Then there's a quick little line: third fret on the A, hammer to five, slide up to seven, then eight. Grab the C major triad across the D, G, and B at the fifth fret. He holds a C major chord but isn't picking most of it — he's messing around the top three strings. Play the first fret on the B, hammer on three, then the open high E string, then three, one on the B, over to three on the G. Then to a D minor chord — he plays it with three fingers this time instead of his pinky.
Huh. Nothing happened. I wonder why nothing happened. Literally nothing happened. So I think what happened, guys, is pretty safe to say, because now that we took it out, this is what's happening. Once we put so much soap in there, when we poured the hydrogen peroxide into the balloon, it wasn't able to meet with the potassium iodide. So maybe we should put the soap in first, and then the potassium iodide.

==

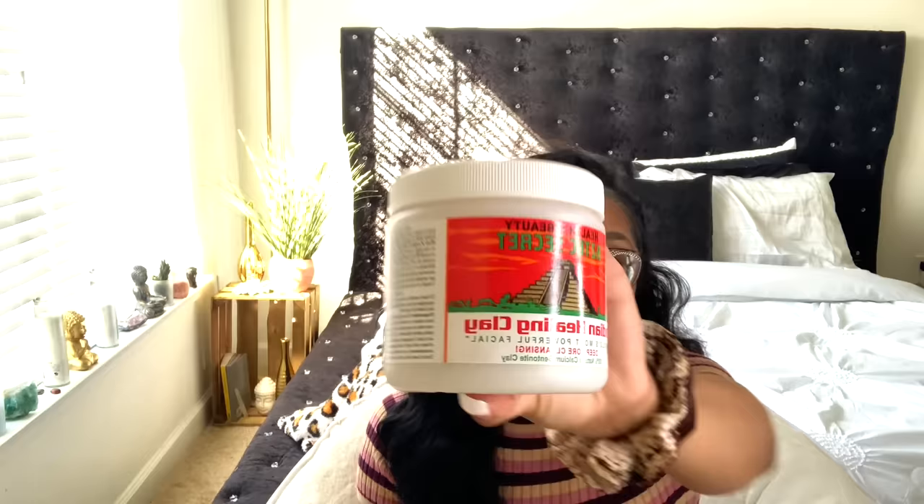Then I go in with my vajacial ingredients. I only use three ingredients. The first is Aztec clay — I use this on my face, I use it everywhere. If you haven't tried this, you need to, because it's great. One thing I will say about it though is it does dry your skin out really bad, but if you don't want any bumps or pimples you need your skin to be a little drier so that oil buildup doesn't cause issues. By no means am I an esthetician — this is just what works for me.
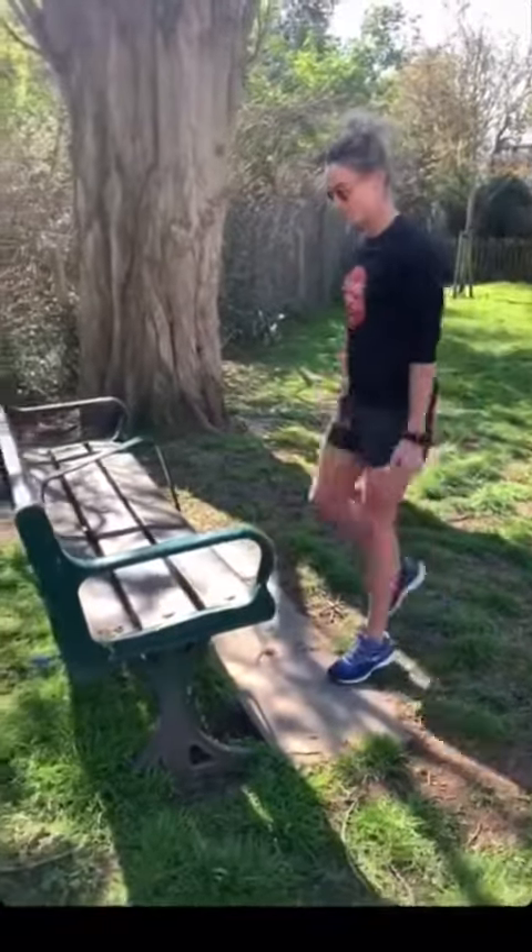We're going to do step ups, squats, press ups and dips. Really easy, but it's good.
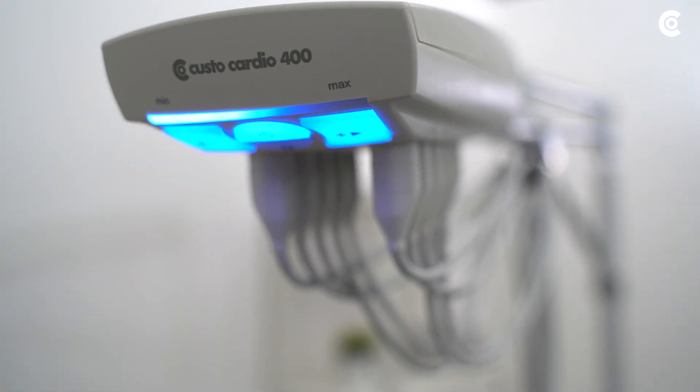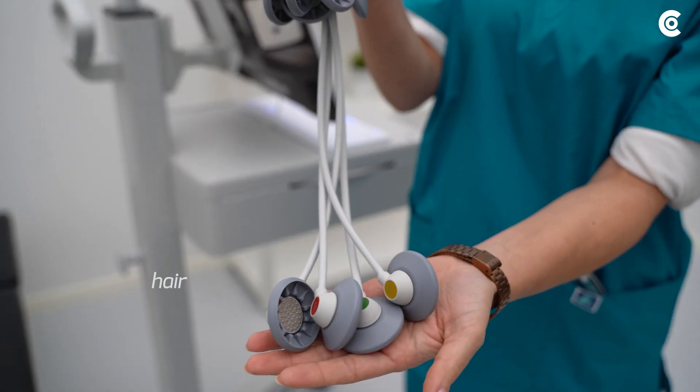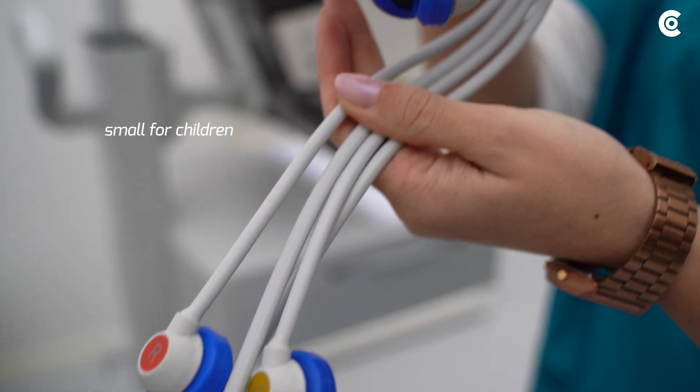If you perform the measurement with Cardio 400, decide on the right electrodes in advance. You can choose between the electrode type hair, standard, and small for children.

...

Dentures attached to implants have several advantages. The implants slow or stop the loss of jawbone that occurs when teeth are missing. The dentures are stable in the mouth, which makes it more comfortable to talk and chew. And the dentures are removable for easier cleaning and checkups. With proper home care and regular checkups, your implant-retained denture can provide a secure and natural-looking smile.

▸ ASSIGNED TASK
In the records above, find the line with "Then there's a"; write out exactly that line and each one after it, stopping after the line with "Huh. Nothing happened.".

▸ EXPECTED ANSWER
Then there's a quick little line: third fret on the A, hammer to five, slide up to seven, then eight. Grab the C major triad across the D, G, and B at the fifth fret. He holds a C major chord but isn't picking most of it — he's messing around the top three strings. Play the first fret on the B, hammer on three, then the open high E string, then three, one on the B, over to three on the G. Then to a D minor chord — he plays it with three fingers this time instead of his pinky.
Huh. Nothing happened. I wonder why nothing happened. Literally nothing happened. So I think what happened, guys, is pretty safe to say, because now that we took it out, this is what's happening. Once we put so much soap in there, when we poured the hydrogen peroxide into the balloon, it wasn't able to meet with the potassium iodide. So maybe we should put the soap in first, and then the potassium iodide.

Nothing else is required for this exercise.